Understanding Data Compression in Big Data

Introduction

This article will discuss compression in the Big Data context, covering the types and methods of compression. I will also highlight why and when each type and method should be used.

Diving in

What is compression?

According to the general English definition of compression which refers to reducing something to occupy a smaller space. In Computer Science, compression is the process of reducing data to a smaller size. Data, in this case, could be represented in text, audio, video files etc. Think of it as anything you store on the hard drive of your computer as data represented in different formats. To provide a more technical definition, compression is the process of encoding data to use fewer bits.
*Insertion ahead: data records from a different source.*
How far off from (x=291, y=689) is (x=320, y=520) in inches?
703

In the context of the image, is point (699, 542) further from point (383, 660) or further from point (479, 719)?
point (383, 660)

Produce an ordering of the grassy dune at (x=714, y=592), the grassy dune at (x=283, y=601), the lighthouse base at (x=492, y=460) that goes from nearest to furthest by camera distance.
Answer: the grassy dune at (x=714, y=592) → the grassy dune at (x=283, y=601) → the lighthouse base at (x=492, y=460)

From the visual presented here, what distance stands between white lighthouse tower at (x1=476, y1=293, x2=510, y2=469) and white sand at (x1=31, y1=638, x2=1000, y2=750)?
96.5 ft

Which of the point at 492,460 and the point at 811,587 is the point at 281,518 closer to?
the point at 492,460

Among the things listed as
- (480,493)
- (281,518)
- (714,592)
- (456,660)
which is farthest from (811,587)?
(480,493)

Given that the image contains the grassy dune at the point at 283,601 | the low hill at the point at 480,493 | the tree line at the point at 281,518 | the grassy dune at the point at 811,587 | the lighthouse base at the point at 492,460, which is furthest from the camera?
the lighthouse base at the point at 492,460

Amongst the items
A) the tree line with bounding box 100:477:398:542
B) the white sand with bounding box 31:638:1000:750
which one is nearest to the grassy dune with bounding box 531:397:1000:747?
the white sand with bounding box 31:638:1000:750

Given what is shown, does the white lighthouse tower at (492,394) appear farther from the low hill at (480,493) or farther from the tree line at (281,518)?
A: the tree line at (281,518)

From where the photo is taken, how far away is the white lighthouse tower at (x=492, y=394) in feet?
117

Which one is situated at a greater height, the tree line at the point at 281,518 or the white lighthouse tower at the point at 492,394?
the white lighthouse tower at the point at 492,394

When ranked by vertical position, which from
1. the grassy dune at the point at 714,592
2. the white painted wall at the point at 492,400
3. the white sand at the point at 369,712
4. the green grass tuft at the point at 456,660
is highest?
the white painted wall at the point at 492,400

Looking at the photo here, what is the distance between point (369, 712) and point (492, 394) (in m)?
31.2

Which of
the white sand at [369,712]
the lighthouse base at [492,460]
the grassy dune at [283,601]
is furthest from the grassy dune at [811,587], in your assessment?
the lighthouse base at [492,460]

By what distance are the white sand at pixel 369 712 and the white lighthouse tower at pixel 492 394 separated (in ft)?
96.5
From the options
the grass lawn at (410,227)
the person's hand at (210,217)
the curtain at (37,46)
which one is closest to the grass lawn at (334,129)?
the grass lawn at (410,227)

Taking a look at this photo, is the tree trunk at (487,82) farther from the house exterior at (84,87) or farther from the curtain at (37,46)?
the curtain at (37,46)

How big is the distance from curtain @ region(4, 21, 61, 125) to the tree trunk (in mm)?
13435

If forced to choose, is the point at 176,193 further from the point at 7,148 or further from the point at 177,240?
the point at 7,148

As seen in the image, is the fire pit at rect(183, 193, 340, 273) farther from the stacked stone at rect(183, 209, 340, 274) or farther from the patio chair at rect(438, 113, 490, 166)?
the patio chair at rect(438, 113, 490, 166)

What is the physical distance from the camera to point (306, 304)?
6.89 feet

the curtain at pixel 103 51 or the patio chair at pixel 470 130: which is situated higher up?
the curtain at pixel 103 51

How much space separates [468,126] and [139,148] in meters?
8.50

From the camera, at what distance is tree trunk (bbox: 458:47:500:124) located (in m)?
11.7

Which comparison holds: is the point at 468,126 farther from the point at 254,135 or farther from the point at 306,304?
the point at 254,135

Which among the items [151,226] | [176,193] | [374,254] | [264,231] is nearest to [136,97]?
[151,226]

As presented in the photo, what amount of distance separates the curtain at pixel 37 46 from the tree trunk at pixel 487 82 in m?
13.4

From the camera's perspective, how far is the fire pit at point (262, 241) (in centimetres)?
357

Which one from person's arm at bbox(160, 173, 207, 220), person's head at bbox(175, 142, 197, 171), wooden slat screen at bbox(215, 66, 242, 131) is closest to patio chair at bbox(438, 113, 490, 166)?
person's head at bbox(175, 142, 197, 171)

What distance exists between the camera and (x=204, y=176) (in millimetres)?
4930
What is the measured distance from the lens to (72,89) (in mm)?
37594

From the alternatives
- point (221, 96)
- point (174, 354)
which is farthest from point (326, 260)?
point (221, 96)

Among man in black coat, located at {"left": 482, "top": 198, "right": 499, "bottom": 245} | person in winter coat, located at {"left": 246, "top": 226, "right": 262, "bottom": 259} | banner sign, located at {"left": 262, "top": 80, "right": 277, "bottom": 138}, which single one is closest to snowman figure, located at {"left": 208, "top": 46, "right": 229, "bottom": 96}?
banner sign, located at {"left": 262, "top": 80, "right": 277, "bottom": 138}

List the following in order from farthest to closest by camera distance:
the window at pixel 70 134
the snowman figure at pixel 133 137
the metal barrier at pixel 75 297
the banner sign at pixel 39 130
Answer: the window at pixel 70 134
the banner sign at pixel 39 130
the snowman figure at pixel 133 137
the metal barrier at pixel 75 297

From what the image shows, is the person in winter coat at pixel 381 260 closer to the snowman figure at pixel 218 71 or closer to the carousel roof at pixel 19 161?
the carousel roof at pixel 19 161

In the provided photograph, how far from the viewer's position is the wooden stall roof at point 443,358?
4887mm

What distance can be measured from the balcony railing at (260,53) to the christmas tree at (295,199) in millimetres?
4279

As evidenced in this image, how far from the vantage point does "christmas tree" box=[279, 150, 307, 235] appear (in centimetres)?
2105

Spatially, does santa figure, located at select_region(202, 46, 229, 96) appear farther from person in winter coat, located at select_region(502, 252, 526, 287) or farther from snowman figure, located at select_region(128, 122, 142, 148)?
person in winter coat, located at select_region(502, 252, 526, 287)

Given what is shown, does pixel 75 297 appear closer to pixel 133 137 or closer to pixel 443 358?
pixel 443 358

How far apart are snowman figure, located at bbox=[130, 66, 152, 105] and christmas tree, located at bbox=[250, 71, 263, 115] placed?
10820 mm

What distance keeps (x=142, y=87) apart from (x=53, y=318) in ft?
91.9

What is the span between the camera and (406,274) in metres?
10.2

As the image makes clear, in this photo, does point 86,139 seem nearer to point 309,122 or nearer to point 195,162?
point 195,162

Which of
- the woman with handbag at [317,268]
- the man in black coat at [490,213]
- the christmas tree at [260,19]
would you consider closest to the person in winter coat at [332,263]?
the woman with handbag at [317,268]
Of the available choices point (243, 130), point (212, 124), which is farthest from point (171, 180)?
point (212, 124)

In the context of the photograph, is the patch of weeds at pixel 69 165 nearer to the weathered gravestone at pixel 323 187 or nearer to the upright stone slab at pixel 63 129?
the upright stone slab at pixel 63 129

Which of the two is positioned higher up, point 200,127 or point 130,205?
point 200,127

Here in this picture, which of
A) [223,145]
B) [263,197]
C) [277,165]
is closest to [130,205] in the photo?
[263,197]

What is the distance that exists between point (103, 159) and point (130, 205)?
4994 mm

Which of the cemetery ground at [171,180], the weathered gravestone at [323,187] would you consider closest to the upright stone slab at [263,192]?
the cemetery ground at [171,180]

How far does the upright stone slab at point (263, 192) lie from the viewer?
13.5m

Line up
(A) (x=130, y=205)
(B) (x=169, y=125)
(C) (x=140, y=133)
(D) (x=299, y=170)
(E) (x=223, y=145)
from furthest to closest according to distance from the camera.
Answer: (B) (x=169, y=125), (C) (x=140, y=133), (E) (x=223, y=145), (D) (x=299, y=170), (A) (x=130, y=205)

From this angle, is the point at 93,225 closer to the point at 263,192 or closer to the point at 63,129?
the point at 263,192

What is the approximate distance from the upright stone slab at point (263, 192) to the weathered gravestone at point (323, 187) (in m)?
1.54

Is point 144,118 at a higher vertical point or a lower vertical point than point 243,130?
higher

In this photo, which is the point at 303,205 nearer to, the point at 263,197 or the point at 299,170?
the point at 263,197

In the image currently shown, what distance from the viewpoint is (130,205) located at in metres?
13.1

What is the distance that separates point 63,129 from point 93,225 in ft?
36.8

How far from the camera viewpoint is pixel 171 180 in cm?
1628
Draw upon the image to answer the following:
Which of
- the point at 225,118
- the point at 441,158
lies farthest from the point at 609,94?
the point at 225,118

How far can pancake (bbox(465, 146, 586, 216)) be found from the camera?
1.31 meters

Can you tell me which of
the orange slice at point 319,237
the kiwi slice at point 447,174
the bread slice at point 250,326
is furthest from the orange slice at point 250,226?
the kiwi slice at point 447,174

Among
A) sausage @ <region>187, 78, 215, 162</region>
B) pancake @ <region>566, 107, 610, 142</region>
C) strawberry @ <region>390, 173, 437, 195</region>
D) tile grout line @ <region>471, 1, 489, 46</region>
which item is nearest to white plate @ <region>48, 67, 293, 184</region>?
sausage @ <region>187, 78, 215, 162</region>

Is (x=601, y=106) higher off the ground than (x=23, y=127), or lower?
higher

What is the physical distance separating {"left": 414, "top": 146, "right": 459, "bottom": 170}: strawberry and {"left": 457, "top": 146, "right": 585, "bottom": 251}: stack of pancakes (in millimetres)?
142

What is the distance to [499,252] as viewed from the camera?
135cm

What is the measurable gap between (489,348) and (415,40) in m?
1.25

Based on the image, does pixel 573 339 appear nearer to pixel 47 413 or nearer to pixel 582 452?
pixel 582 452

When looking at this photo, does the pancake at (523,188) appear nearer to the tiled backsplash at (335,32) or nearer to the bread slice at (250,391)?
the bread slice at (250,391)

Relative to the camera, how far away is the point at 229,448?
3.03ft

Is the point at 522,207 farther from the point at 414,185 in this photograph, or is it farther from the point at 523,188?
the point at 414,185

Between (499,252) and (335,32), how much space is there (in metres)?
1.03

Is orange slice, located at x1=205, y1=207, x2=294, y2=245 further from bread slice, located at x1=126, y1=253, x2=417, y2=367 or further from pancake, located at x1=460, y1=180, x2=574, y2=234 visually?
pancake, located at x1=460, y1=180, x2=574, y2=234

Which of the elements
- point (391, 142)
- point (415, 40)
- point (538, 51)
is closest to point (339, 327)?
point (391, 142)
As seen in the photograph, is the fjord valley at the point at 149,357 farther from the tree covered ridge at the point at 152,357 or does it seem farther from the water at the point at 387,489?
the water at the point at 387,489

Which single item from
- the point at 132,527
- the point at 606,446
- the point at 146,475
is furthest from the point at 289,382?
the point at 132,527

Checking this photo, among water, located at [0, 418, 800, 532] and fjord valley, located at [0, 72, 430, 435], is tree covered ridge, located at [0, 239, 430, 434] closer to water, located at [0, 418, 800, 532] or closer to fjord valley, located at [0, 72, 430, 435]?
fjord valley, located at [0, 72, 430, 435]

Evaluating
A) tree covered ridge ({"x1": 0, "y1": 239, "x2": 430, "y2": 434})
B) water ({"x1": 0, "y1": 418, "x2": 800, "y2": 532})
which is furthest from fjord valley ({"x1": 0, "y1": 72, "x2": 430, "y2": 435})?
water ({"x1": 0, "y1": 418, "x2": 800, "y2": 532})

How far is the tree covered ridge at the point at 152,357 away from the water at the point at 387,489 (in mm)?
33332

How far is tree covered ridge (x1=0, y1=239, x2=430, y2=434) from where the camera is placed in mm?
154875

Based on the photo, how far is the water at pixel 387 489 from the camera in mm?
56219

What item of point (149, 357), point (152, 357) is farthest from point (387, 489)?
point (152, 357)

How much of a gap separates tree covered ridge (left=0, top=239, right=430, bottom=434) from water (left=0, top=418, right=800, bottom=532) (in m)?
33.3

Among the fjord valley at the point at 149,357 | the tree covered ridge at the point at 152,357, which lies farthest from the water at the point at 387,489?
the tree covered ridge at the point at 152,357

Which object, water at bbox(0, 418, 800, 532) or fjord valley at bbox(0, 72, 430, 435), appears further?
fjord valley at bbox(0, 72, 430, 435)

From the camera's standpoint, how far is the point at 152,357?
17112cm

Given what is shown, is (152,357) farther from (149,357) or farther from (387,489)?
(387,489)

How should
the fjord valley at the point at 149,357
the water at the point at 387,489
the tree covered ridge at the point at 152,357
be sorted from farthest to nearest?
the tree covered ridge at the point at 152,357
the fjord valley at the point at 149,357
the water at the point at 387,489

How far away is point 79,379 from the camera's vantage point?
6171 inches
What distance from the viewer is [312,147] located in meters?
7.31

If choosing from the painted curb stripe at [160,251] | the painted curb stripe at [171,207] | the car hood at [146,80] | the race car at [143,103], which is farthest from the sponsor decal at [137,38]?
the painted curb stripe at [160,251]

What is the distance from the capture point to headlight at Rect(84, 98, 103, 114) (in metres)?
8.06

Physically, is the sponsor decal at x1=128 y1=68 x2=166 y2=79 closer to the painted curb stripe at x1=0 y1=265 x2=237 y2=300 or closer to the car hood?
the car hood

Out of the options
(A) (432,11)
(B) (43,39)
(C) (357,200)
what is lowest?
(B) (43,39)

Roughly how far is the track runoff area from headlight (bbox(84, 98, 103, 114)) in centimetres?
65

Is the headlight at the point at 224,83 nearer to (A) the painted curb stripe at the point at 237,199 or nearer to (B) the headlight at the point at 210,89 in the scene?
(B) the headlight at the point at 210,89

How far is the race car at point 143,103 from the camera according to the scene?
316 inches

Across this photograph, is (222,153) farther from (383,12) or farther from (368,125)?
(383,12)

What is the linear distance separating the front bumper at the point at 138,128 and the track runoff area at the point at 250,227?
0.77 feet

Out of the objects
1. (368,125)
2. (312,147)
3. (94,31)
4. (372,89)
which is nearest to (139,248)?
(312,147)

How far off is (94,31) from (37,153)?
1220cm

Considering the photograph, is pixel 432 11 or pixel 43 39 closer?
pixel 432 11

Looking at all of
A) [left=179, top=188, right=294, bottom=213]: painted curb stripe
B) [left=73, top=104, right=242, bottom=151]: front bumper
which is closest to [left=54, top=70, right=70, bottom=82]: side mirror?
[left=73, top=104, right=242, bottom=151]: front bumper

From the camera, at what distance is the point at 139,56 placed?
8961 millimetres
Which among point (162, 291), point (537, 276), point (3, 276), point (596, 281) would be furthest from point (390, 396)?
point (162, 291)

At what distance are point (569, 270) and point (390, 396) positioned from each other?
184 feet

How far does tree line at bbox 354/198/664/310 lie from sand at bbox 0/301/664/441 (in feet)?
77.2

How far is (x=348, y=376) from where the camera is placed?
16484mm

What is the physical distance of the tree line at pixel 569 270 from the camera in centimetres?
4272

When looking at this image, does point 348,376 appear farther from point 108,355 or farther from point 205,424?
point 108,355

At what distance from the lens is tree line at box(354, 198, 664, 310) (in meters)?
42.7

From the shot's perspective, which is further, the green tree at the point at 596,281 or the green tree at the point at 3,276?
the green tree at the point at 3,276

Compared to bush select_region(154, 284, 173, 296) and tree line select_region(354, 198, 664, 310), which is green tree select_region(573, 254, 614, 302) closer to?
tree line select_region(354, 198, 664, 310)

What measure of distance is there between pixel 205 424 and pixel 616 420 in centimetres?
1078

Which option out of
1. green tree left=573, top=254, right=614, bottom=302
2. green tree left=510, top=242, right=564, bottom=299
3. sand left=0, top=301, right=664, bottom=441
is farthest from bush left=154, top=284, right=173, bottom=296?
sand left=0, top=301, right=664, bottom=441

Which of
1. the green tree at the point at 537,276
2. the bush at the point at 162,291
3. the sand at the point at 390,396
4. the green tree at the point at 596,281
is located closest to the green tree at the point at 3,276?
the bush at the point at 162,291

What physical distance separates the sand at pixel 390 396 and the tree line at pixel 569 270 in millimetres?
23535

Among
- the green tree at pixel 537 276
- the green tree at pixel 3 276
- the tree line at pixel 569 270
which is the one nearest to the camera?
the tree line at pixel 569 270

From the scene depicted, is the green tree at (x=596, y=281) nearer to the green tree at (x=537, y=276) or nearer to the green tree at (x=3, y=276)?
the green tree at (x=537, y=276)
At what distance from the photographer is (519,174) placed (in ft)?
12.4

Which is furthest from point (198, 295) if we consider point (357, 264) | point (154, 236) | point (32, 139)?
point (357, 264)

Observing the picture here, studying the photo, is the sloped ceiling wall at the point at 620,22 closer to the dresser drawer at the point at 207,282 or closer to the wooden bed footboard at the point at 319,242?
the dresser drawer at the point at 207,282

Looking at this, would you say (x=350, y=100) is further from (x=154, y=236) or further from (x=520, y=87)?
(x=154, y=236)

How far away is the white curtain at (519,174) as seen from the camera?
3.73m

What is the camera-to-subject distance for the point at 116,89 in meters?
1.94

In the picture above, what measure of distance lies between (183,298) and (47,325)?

There are multiple reasons to compress data. The most common and intuitive reason is to save storage space. Other reasons are as a result of data being smaller. The benefits of working with smaller data include:

Quicker Data Transmission Time: Compressed data are smaller in size and take less time to be transmitted from source to destination.
Reduced bandwidth consumption: This reason is strongly linked to the advantage of quicker data transmission. Compressed data uses less of the network bandwidth, therefore increasing the throughput and reducing the latency.
Improved performance for digital systems that rely heavily on data: This is evident in systems that rely on processing data. Those systems leverage compression to improve the performance of the systems by reducing the volume of data that needs to be processed. Please note that this might be system-specific and will rely on using the appropriate compression technique. Compression techniques will be discussed later in this article.
Cost Efficiency: Cloud services charge for the storage of data. By using less storage, cost savings are introduced especially in Big Data systems.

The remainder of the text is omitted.